Bio-Chem Zorb will not release phosphates.
Can Seachem Prime remove copper?
Not exactly, Prime can detoxify heavy metals at concentrations normally found in tap water. However, for the removal of heavy metals, like copper, at higher concentrations, it is better to use Cuprisorb in your filter if possible.
Some Tips about Copper in Freshwater Tank
Copper in Tap Water
Copper in tap water primarily comes from copper pipes. The heat exchangers of water boilers are usually made of copper. That is why it is not a good idea to use hot water from water boilers in any aquarium.
It is advisable to run water from copper pipes at least for two minutes. During this time, most part of the copper residues should run out.
New Plants Quarantine
Do not ever add newly purchased aquarium plants into the shrimp aquarium right away. You need to quarantine them because:
- They can have pesticides.
- Plants can be treated with copper to remove snails.

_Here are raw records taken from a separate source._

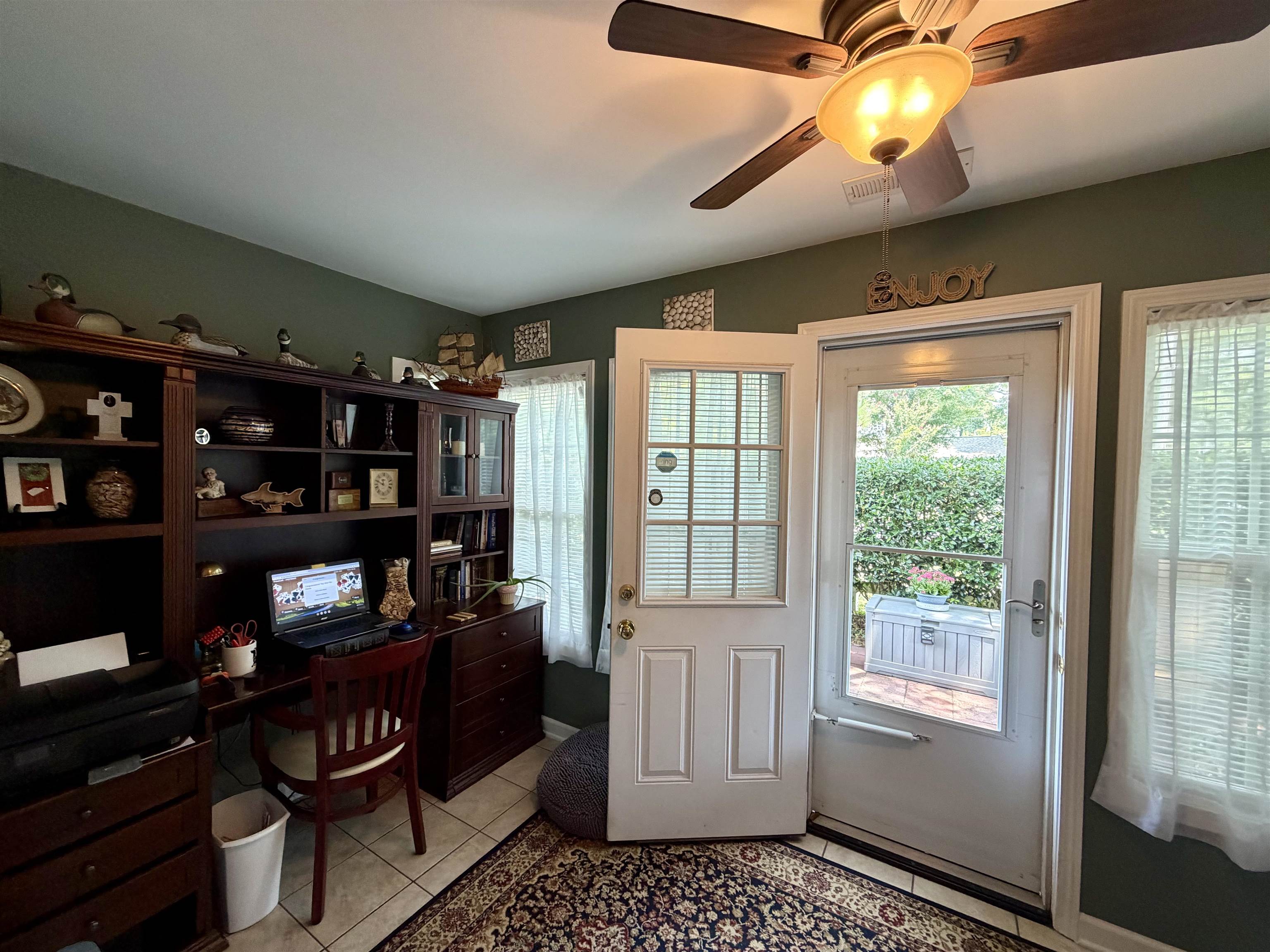 207 Melody Gardens Dr. Property Photo 12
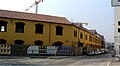 Il vecchio stabilimento della Ditta Alfredo Zopfi & C. in via Marsala n. 9 a Monza - edificio del 1895 in ristrutturazione - visto dall'incrocio con via Solferino in direzione di Milano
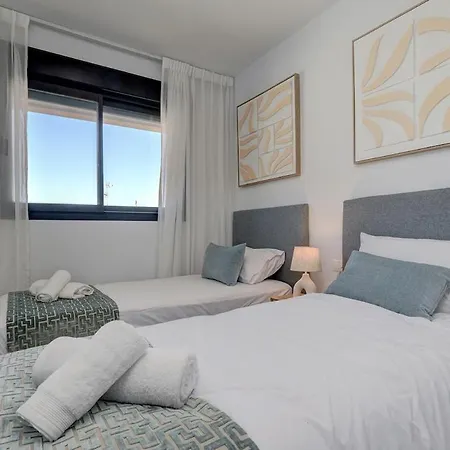 Διαμέρισμα Stylish Floor 2 Bedroom Escape In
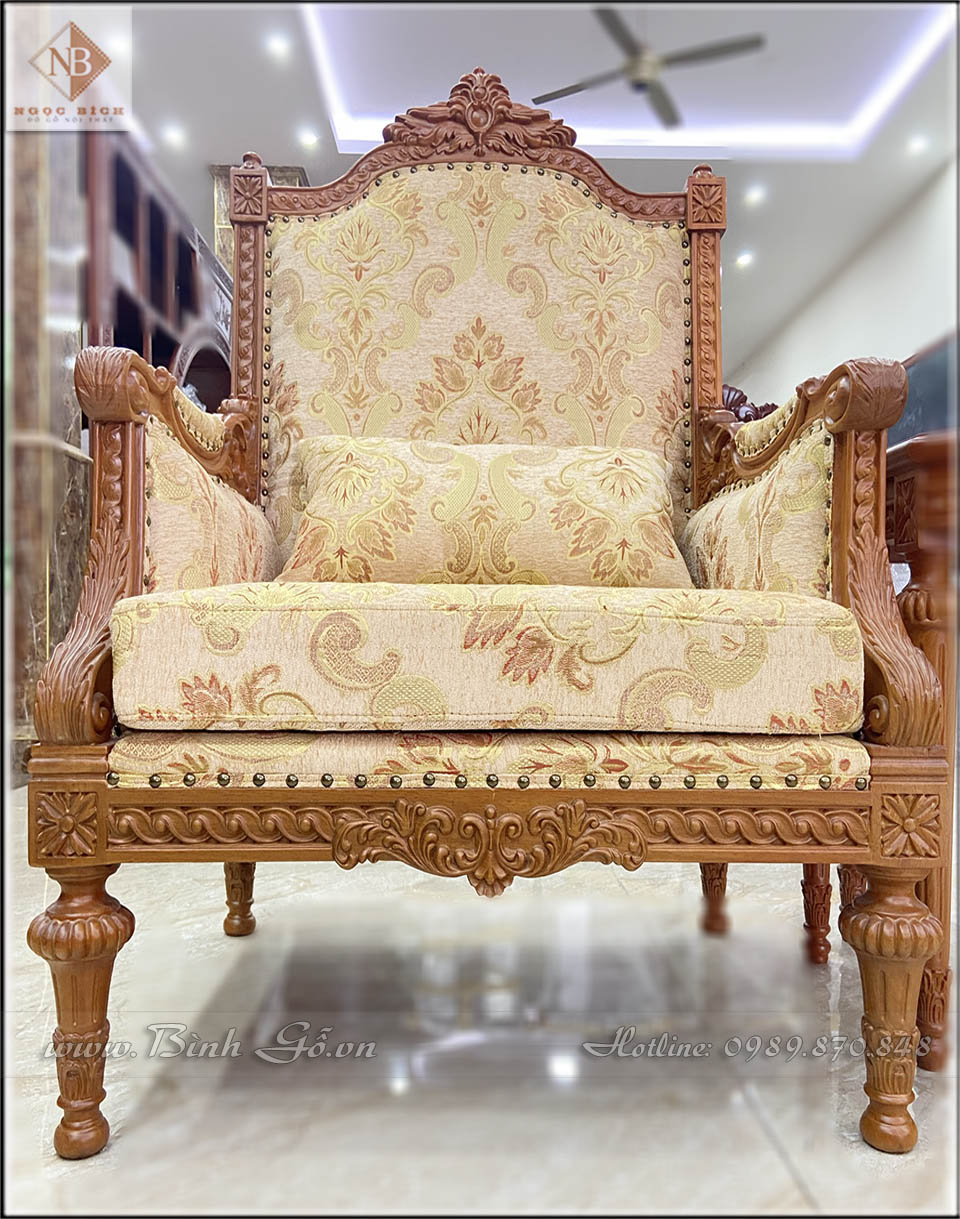 Ghế Sofa phòng trà gỗ Gõ Đỏ, bộc vải hoa văn. Với kích thước ghế: D81xS71xC127cm. Độ cao đến mặt ghế ngồi: 45cm. 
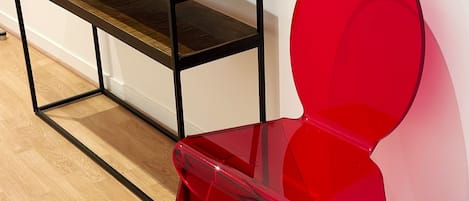 Deluxe Apartment, Balcony, City View | Interior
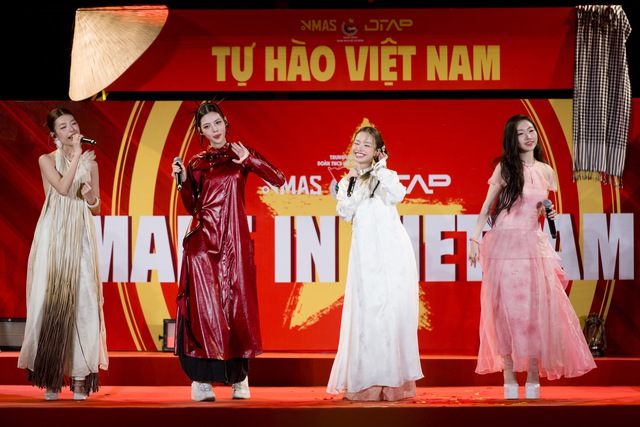 Đây chính là album hoành tráng nhất Đại lễ 2/9: Loạt sao hạng A chung tiếng lòng, dàn Em Xinh khóc nấc vì Mỹ Tâm- Ảnh 8.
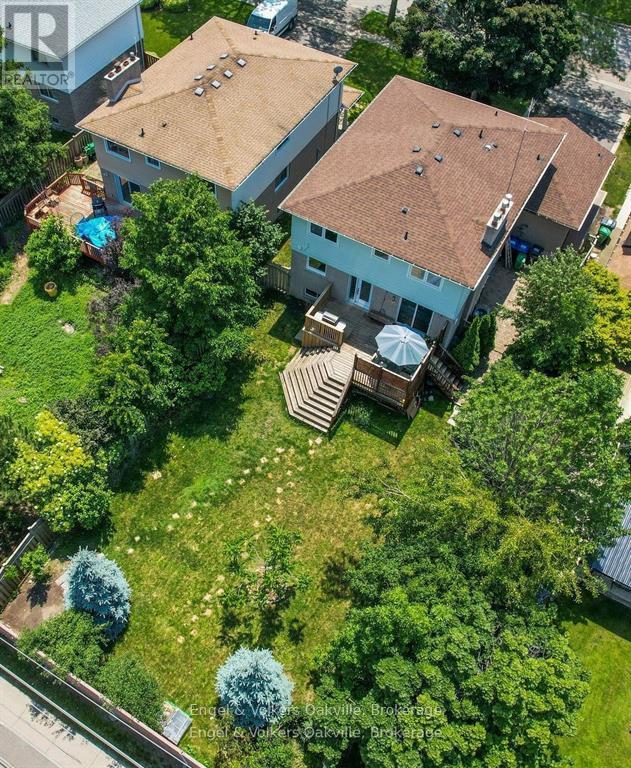 2215 Springfield Court, Mississauga, Ontario  L5K 1V3 - Photo 35 - W12924118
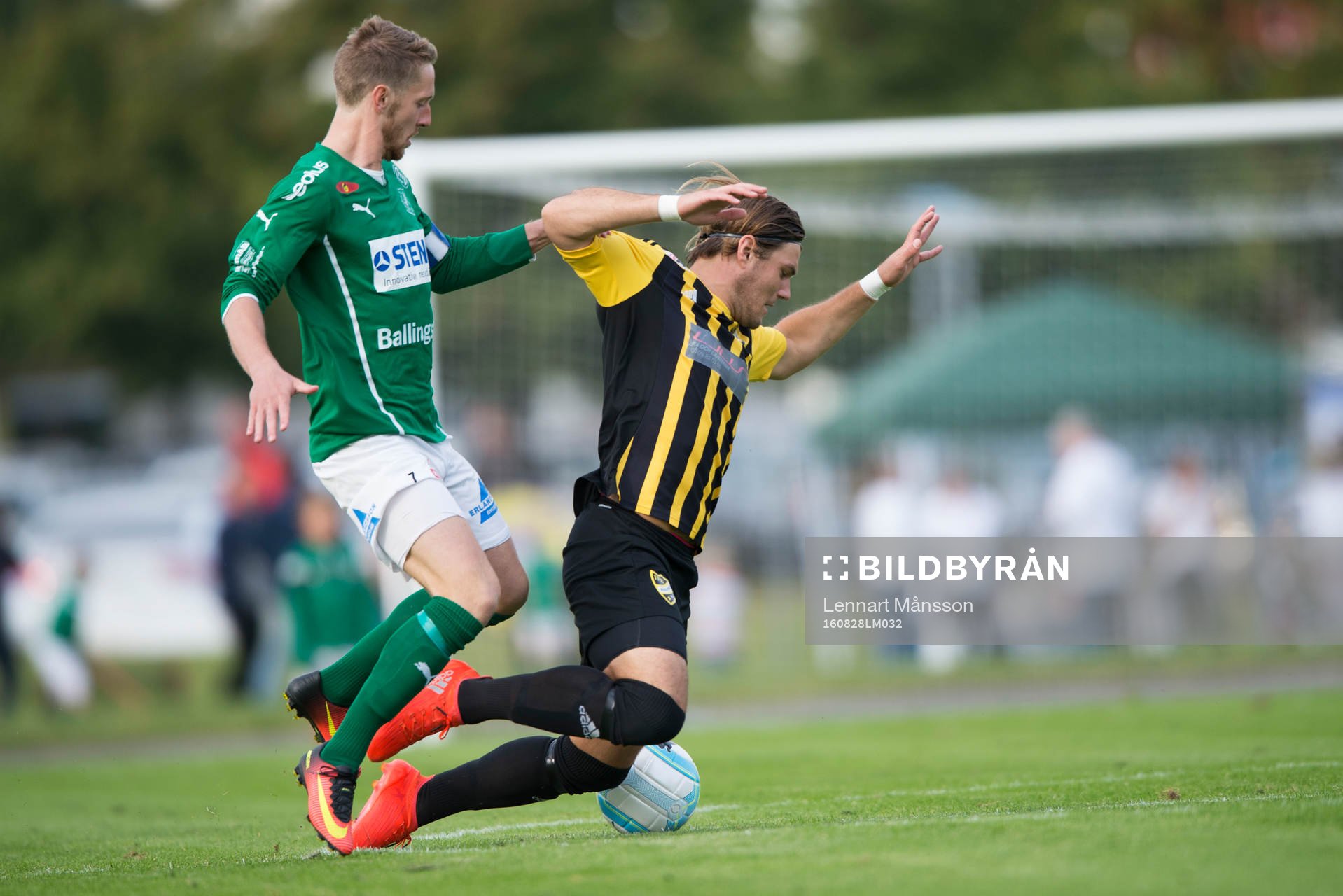 IFK Hässleholms Pontus Björnsson i matchen i division 2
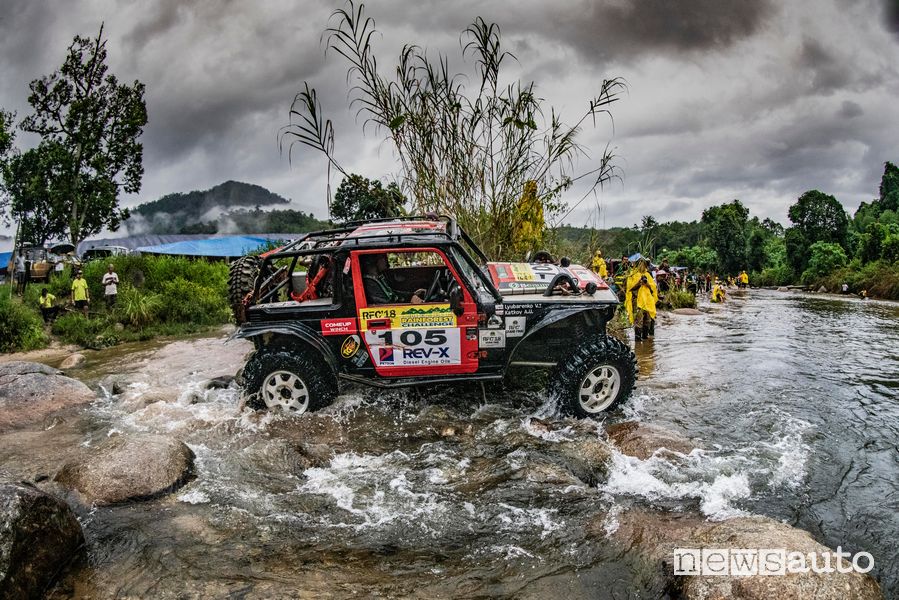 Guado fiume prototipo off road Rainforest Challenge Malesia edizione 2018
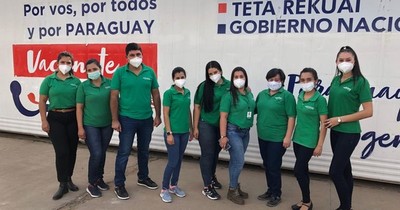 La Nación / Los farmacéuticos ayudan a vacunar
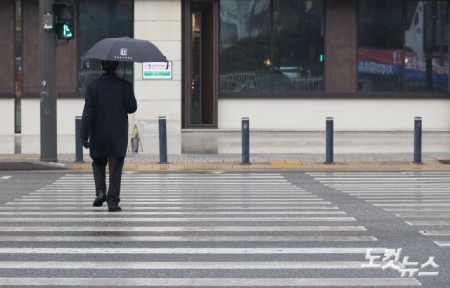 겨울비 내리는 서울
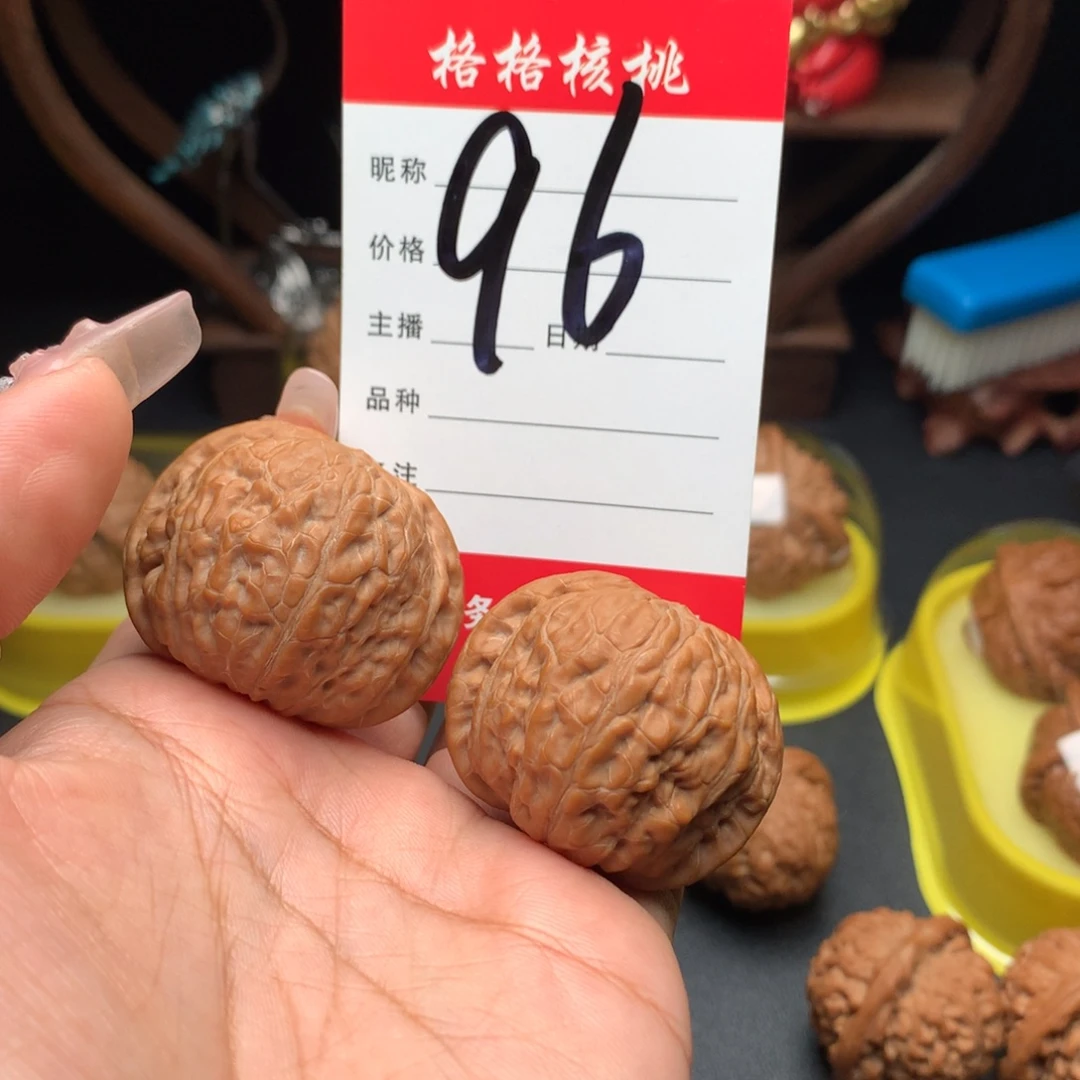 布***丁把件文玩核桃40尺寸乾隆磨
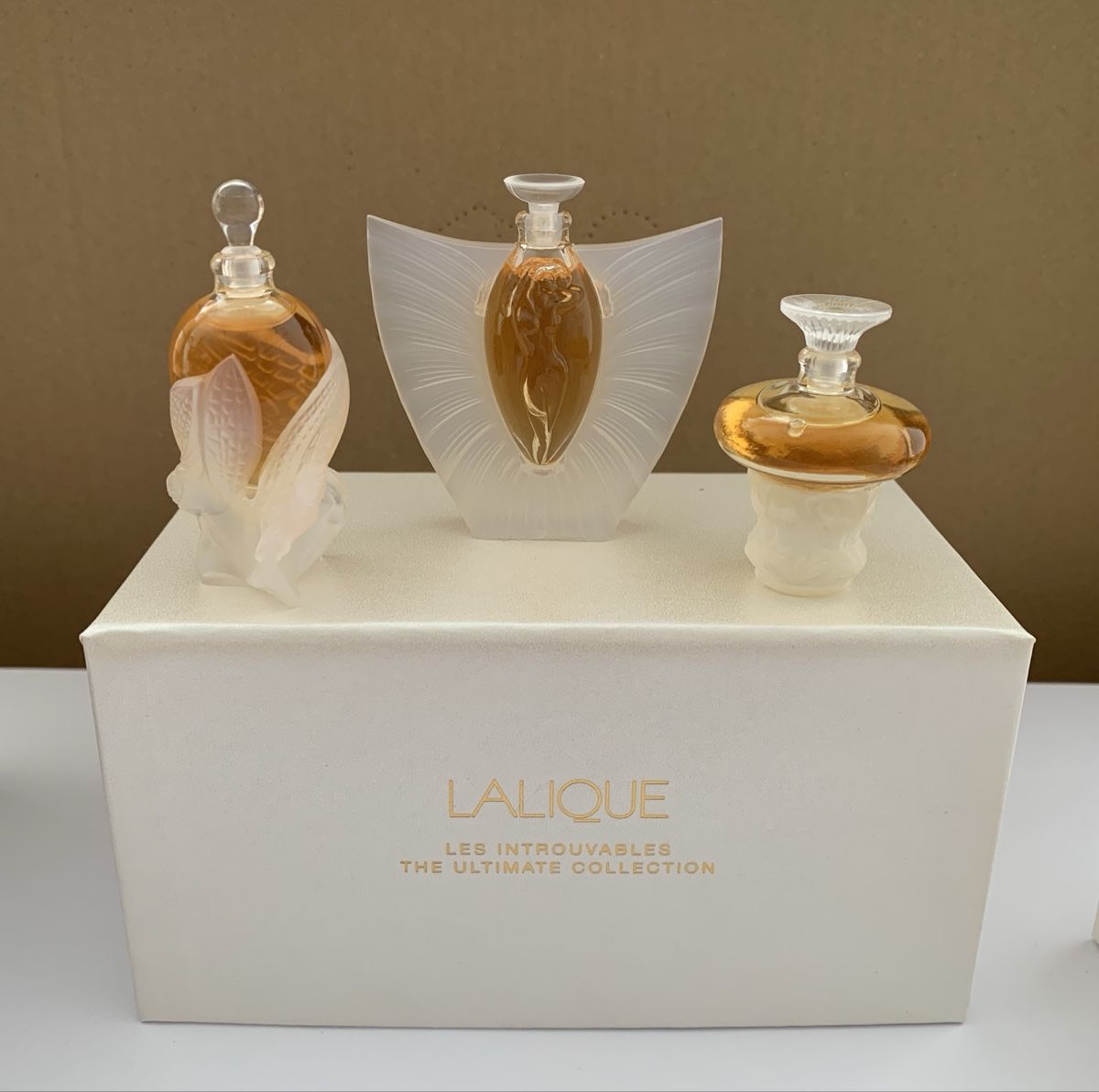 Lalique Profumi & Eau de Toilette: 3 Parfum Miniature Lalique – Nuovo (secondo la descrizione) da Hochdorf venduto da Blume007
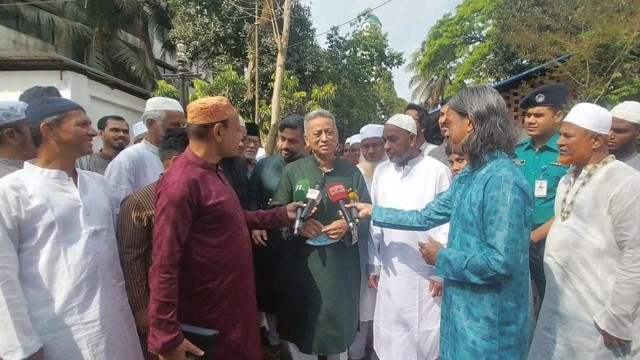 গণতান্ত্রিক পরিবেশে এবারের ঈদের আনন্দ ভিন্ন" —  আমির খসরু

Dwarf Shrimp, Fertilizers and Dosage
If you are still worried about fertilizers in your tank, it would be better to start at 1/2 dose. In 1 month, you can increase it to ¾ dose.
Wait some time more. Then go ahead, and use the prescribed dosage. If you do not see anything unusual.
For the dwarf shrimp that depend on hemocyanin as a circulating oxygen carrier, copper metabolism presents conflicting requirements. On the one hand, hemocyanin maintenance requires the accumulation of a relatively large quantity of copper. Because copper is also essential for dwarf shrimp molting and reproduction. They cannot absorb adequate amounts of copper from ambient water for physiological needs and a dietary source is necessary to meet the needs for optimal growth and tissue mineralization. On the other hand, copper is extremely toxic to all dwarf shrimp.
The problem is that the optimal range of environmental concentrations that avoids deficiency and toxicity can be rather narrow.